President Abraham Lincoln, photographed in Washington, DC by Alexander Gardner in 1863.

Alexander Gardner/Wikimedia Commons

A newly edited volume of letters provides more insight into the nation's 16th president. “Herndon on Lincoln: Letters” was edited by Douglas Wilson and Rodney Davis, co-directors of the Lincoln Studies Center at Knox College in Galesburg.

“We’ve been on a project for 25 years to publish in a good editorial edition with annotation the archive collected by Lincoln’s law partner, William H. Herndon.  He went around interviewing people that had known Lincoln and corresponding with them. And he, of course, knew Lincoln himself very closely,” said Wilson.

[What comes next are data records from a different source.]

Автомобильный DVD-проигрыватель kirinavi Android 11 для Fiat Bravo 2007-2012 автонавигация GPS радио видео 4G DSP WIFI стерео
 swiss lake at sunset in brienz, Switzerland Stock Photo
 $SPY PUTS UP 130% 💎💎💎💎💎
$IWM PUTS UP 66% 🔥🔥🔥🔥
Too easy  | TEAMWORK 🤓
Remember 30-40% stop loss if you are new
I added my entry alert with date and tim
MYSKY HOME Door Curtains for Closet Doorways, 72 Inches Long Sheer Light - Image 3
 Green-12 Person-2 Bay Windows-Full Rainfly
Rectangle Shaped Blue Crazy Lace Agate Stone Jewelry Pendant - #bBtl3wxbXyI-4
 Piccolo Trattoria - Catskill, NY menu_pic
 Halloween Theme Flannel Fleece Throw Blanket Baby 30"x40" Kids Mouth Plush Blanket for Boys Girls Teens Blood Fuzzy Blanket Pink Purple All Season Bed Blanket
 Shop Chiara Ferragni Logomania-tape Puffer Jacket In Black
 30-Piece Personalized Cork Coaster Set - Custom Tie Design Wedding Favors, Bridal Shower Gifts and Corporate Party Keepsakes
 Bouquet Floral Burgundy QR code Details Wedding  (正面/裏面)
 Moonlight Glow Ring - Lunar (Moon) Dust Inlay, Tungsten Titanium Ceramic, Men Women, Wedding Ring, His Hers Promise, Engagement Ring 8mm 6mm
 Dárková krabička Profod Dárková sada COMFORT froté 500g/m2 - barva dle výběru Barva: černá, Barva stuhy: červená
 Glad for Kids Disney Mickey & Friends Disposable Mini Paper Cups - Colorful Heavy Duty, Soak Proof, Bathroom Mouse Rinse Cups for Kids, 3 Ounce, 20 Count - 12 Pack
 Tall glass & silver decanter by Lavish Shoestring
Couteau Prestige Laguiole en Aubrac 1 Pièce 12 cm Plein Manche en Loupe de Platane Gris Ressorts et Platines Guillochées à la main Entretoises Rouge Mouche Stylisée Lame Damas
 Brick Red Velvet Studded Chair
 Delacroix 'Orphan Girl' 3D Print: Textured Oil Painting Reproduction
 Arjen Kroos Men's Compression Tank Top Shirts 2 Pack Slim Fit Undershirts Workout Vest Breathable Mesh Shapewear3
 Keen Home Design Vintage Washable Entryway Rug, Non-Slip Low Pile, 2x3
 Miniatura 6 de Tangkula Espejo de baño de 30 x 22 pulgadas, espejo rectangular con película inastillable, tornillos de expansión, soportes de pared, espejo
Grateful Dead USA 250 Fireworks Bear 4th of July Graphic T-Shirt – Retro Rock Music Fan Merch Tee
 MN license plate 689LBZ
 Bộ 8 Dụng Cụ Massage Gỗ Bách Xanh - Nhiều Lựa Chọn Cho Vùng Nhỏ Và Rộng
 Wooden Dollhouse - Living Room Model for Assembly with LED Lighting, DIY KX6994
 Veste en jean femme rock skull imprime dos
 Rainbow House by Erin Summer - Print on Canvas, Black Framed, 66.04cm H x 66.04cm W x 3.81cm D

 “His archive is invaluable. It’s indispensable for Lincoln biographers. It’s very well-known but it had never been thoroughly gone through and edited and published.”

Wilson and Davis previously collaborated on a collection of interviews and letters Herndon gathered from other people (Herndon’s Informants) and they did the annotations for the Lincoln biography Herndon wrote with Jesse Weik (Herndon’s Lincoln).

Wilson and Davis said they did a national search to find the letters for the latest volume. Wilson said Herndon corresponded with all kinds of people and would answer anybody’s letter. Davis said they had to winnow the collection of letters quite a bit.

“There are hundreds of letters that Herndon wrote that we have been able to collect over the years, far more than realistically could be published. So we had to go through this stash and make selections of letters that seemed to us to be most revealing or significant,” Davis said.

Wilson said he and Davis are not trying to champion Herndon through their research. Rather, their intent is to make information available so people can decide for themselves.

“What Herndon has to tell us in the letters is about the Lincoln he knew as an officemate -- as a law partner -- and as somebody that he had thoughtful conversation with on a daily basis,” said Wilson.

Wilson said as he went through Herndon’s letters, he was surprised by what Herndon had to say about Lincoln’s fatalism.  He said that was not brought out in the biography he wrote with Weik.

“Lincoln’s favorite maxim – something that he was constantly repeating – was, ‘Whatever will be, will be. And no prayers of ours can reverse the decree,’” said Wilson.  He said Herndon was quoted as saying melancholy dripped from Lincoln as he walked, though Herndon also noted Lincoln found ways to lift himself out of depression through stories and jokes.

Davis said he was surprised by Lincoln’s relationship with women.

“Although he never had disgraced himself, he was tempted by women to a degree that we don’t normally think was appropriate,” said Davis, who added the letters humanize Lincoln.

“There’s a lot more to Lincoln than the popular version we get in the movies and television.”